### Work required:
Print, word for word, the opening line of the data below and every line after it through the line that contains "Hello friends, welcome", but not the pictures.

### Data below:
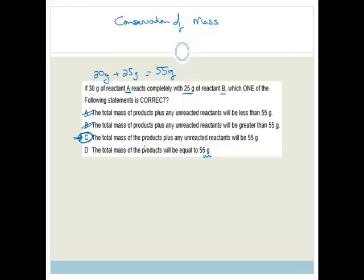And that, grade 10, is a sample of the type of multiple choice questions you can get in the June exam. Please go practice these sections. If you didn't understand, go back to those sections, go through the PowerPoints, and then do the questions.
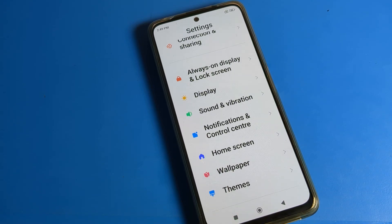Hello friends, welcome back to my YouTube channel. Today we are going to talk about Poco phone settings, and today's video is about Poco phone.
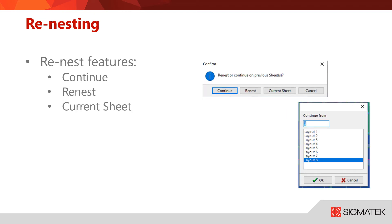If you've already nested your parts and you need to add additional parts to your task, SigmaNest will offer you a few options on how to move forward. You can use the continue feature, which will pick up on whichever layout you select from the continue-from list and then continue nesting from there forward. You can use the re-nest function, which will re-nest all of the parts in the task. Or you can select current sheet, which will only re-nest the current sheet you have selected, or cancel to leave the menu.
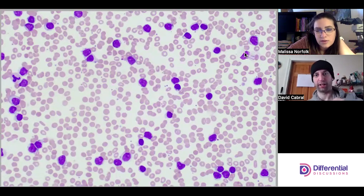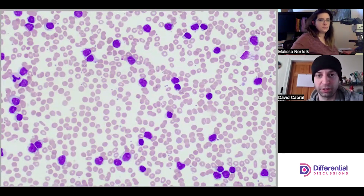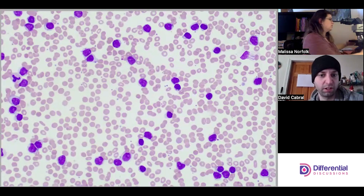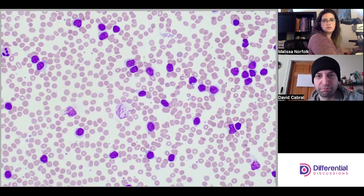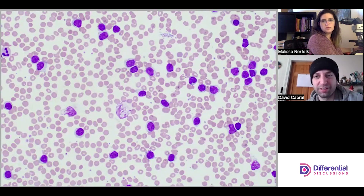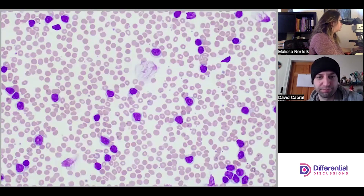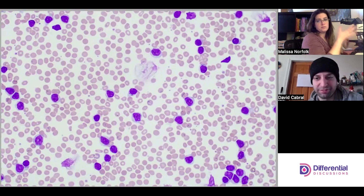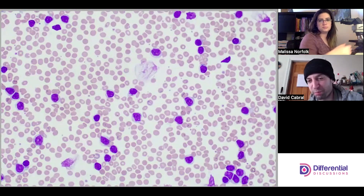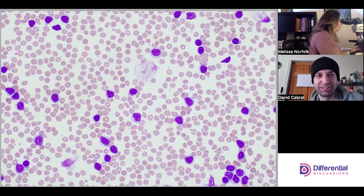I see maybe one smudge cell in the corner, and there are a few more, but still not prominent the way we'd expect in typical CLL. This might be a strange variant. They're definitely there, just not quite as often as we're used to. I like that giant clump of lymphs in the bottom right — very suspicious.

### Answer space:
And that, grade 10, is a sample of the type of multiple choice questions you can get in the June exam. Please go practice these sections. If you didn't understand, go back to those sections, go through the PowerPoints, and then do the questions.
Hello friends, welcome back to my YouTube channel. Today we are going to talk about Poco phone settings, and today's video is about Poco phone.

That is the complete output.